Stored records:
★ ★ ★
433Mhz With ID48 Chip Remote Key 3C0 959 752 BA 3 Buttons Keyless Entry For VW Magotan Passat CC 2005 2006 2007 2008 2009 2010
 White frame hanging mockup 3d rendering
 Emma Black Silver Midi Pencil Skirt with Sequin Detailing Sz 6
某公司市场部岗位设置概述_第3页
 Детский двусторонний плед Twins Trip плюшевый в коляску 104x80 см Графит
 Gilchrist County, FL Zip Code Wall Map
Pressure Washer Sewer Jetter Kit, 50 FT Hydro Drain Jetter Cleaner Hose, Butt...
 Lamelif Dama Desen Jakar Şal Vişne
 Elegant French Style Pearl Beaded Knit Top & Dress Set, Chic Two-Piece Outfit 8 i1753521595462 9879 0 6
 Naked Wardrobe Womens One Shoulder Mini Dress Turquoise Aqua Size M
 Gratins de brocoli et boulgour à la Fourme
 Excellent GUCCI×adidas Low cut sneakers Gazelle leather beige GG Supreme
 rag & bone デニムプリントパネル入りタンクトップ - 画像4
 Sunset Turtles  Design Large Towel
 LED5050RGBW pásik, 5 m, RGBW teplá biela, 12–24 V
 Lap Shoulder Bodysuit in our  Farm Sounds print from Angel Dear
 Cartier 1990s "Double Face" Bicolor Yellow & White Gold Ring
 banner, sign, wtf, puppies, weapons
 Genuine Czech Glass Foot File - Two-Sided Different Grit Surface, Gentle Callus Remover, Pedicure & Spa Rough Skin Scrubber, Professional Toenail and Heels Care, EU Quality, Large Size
★ ★ ★
What you have to do: Reproduce all lines from the records above that include the word "Large".

Problem solution:
 Sunset Turtles  Design Large Towel
 Genuine Czech Glass Foot File - Two-Sided Different Grit Surface, Gentle Callus Remover, Pedicure & Spa Rough Skin Scrubber, Professional Toenail and Heels Care, EU Quality, Large Size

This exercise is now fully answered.